Puthen Veedu Gopala Pillai Ajithkumar (പുത്തൻ വീട് ഗോപാല പിള്ള അജിത്ത്കുമാർ; born 4 June 1963) is an Indian judge who is presently serving at Kerala High Court; the highest court in the Indian state of Kerala and in the Union territory of Lakshadweep. The High Court of Kerala is headquartered at Ernakulam, Kochi.

==Education and career==
Ajithkumar obtained B.Sc. graduation from St John's College, Anchal, law degree from Government Law College, Thiruvananthapuram and post graduation from Annamalai University.

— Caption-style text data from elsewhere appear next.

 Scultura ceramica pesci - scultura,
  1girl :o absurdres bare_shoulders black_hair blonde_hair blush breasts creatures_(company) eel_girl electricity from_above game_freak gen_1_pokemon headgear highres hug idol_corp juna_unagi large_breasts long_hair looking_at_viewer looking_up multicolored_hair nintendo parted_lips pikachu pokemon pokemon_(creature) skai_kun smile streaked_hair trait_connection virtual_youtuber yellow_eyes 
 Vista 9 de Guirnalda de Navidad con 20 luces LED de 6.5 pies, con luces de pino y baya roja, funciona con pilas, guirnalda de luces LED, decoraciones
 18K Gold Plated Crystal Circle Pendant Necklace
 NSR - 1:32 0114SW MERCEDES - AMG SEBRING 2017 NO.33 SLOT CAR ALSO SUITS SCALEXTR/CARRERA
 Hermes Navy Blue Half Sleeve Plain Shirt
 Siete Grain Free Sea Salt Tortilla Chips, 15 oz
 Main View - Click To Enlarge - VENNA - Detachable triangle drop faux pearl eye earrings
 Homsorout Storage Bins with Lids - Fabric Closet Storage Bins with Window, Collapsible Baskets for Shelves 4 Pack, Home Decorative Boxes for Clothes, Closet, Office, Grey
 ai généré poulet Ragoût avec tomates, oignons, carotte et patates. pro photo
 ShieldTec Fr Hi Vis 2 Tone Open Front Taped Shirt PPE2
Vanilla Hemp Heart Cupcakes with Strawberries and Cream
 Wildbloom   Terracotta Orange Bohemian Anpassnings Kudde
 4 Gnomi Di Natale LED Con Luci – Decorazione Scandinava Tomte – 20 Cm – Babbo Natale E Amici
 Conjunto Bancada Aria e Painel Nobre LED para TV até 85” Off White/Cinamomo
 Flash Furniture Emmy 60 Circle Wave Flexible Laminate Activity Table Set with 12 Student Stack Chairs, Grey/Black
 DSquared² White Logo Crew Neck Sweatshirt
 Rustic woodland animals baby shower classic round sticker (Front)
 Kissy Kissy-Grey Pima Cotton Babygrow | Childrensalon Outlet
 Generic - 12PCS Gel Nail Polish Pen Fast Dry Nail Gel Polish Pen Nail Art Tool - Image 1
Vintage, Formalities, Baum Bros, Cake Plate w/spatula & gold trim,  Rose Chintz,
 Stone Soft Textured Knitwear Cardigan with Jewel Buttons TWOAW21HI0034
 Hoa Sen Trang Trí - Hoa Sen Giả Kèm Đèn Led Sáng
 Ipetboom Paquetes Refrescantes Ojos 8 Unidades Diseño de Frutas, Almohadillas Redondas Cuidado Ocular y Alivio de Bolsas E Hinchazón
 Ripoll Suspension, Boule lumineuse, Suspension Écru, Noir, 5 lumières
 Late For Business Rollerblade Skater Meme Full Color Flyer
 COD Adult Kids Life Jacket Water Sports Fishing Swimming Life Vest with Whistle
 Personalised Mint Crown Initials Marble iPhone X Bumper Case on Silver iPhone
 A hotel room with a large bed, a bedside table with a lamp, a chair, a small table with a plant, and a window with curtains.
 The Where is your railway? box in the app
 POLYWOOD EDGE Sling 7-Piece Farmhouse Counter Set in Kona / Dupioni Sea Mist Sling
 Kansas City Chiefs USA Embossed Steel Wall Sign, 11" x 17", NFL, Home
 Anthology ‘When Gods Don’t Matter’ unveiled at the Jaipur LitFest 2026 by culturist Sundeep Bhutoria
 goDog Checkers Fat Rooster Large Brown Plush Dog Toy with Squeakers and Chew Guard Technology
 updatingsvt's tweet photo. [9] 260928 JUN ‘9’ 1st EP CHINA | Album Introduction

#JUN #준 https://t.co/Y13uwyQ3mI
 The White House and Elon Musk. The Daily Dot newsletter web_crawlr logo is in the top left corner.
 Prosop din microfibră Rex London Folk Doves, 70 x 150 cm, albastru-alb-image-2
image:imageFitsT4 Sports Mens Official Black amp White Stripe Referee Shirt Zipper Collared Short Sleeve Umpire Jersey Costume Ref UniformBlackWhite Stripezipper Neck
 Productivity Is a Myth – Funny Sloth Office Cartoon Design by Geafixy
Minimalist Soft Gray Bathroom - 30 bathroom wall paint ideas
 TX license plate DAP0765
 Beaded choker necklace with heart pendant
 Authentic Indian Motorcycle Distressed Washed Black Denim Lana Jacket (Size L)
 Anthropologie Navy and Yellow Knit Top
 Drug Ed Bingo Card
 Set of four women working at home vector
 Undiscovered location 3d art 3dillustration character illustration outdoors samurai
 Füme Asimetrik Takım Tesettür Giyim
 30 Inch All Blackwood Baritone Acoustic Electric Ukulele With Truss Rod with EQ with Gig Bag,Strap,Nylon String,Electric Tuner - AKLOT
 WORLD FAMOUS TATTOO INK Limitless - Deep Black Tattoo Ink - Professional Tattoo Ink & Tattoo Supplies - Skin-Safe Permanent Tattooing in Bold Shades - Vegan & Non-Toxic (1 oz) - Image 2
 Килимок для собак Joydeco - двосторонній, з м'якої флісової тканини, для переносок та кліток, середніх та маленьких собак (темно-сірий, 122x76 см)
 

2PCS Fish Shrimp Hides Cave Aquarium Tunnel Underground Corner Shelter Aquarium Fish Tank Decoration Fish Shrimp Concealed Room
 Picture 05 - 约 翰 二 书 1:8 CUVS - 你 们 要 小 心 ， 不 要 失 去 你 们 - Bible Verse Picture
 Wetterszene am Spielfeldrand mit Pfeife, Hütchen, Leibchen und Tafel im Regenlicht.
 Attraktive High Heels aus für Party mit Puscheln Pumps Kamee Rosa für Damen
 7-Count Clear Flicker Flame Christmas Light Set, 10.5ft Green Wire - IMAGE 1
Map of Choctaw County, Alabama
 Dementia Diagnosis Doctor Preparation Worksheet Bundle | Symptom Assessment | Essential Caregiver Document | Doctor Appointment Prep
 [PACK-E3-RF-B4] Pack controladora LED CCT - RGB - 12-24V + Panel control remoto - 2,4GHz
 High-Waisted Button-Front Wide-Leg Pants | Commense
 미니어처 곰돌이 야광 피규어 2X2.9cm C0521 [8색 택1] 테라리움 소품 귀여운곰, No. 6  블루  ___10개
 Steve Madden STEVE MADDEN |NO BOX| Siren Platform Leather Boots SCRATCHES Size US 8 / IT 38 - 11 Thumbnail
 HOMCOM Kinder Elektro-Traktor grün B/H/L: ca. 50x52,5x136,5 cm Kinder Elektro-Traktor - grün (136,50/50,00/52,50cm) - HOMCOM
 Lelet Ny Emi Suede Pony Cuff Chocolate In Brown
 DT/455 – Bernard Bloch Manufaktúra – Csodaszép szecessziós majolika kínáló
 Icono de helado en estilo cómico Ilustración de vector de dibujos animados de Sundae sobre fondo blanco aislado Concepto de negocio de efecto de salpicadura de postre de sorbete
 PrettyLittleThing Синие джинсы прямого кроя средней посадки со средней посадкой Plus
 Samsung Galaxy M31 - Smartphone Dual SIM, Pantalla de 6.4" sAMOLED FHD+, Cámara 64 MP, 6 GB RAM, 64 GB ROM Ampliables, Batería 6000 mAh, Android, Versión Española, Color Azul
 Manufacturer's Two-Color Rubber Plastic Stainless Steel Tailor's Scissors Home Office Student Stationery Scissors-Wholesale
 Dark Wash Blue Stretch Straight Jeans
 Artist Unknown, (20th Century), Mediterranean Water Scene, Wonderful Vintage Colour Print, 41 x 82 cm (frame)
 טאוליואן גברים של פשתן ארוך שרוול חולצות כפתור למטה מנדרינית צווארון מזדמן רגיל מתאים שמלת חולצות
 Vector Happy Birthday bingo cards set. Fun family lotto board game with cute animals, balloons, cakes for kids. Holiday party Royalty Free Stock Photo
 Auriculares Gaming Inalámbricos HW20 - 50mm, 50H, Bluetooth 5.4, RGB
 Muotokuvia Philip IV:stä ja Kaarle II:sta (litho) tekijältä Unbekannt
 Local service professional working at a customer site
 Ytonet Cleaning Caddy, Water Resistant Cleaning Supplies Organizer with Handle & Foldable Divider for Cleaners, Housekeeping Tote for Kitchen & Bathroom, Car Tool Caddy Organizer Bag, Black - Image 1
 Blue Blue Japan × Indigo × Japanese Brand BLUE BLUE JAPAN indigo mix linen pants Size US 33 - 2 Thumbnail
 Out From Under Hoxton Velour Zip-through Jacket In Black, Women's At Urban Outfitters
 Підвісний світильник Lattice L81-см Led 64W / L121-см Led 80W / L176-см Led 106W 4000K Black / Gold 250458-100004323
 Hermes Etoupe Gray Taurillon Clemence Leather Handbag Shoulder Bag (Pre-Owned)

He joined judicial service as Magistrate in 1991, was promoted as District Judge in 2011 and served as Deputy Director and Additional Director in the Kerala Judicial Academy and as Registrar (District Judiciary) in the High Court of Kerala. He was appointed to serve as an Additional Judge in the High Court on 20 October 2021 and became permanent from 31 July 2023.